All lines holding the word "Mercedes" should be located in the records and copied.

━━ DATA FOR THIS EXERCISE

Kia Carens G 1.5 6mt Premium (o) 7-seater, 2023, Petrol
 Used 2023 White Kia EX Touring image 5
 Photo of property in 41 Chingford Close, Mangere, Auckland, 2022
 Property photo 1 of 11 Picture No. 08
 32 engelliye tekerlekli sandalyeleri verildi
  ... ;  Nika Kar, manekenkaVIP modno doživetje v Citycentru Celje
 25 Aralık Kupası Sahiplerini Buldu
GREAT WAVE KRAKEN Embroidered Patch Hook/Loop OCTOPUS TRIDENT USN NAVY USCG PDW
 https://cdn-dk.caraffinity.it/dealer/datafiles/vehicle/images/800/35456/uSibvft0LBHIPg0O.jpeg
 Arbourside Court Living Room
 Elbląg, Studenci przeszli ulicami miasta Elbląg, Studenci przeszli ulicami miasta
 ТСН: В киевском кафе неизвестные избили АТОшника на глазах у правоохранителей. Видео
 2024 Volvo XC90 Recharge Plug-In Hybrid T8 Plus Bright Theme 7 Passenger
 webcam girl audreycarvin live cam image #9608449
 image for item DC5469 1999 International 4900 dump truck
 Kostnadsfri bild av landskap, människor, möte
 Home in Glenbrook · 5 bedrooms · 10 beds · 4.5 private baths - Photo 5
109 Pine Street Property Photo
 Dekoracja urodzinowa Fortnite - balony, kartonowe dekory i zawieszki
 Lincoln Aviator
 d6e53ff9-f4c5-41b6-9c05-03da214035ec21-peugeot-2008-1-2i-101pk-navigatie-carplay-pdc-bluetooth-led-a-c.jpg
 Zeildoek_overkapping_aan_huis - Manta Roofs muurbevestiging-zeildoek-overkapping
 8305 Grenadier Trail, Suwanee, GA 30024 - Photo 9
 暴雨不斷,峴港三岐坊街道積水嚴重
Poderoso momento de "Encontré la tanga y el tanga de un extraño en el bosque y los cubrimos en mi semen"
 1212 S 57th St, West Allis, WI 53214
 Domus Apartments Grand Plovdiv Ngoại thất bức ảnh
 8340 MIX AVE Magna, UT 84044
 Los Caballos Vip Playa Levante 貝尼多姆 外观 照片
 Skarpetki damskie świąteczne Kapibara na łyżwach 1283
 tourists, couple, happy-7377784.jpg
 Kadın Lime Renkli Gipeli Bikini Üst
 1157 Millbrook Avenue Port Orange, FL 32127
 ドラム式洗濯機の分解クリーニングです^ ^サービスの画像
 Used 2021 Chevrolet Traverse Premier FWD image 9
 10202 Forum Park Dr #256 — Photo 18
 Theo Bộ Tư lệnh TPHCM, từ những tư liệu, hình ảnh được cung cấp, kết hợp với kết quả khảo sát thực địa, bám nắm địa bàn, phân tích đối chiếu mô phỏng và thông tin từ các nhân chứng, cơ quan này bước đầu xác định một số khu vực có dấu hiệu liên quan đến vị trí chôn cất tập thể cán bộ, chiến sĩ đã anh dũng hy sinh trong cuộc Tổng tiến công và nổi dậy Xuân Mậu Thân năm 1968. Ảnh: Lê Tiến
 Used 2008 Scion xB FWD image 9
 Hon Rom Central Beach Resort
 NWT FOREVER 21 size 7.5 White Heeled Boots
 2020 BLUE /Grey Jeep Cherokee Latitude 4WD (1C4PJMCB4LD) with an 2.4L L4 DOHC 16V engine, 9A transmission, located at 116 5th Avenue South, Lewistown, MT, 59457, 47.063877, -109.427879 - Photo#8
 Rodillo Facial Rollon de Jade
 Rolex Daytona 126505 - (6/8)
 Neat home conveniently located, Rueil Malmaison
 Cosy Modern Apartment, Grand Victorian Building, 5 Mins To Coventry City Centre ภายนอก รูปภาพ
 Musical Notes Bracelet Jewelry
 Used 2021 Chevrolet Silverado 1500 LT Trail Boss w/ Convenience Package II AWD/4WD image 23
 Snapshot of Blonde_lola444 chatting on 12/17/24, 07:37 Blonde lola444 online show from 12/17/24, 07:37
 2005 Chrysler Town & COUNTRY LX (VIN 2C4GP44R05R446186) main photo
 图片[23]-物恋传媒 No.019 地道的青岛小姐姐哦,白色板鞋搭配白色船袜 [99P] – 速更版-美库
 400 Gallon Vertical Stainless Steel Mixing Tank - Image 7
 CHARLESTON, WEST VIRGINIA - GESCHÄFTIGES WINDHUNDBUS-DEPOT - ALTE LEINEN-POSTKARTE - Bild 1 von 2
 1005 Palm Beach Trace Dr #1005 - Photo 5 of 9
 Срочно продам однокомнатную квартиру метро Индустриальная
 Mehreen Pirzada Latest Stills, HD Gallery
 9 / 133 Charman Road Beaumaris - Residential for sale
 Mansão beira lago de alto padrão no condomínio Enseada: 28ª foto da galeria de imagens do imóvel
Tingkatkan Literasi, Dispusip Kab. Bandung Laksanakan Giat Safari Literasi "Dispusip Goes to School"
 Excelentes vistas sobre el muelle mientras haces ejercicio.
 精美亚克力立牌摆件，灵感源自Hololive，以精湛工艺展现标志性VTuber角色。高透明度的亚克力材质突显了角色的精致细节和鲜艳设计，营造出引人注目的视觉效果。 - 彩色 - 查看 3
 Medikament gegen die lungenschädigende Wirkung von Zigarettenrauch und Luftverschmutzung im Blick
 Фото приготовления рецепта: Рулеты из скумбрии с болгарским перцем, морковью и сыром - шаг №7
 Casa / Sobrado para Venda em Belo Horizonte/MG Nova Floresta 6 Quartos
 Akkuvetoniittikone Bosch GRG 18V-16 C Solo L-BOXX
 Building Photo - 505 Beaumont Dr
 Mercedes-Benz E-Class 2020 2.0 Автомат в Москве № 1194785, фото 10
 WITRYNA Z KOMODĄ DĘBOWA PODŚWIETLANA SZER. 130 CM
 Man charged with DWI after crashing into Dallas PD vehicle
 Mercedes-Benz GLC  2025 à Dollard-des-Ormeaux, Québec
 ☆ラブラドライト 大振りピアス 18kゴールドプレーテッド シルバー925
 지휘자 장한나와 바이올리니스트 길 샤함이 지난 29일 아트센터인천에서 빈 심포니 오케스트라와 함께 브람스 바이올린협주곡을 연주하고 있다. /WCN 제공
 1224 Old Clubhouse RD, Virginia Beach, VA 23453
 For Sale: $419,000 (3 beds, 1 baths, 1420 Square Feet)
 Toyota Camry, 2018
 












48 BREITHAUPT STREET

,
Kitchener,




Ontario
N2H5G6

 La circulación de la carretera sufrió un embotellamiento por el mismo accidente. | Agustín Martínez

━━━━

▶ WRITTEN SOLUTION
 Mercedes-Benz E-Class 2020 2.0 Автомат в Москве № 1194785, фото 10
 Mercedes-Benz GLC  2025 à Dollard-des-Ormeaux, Québec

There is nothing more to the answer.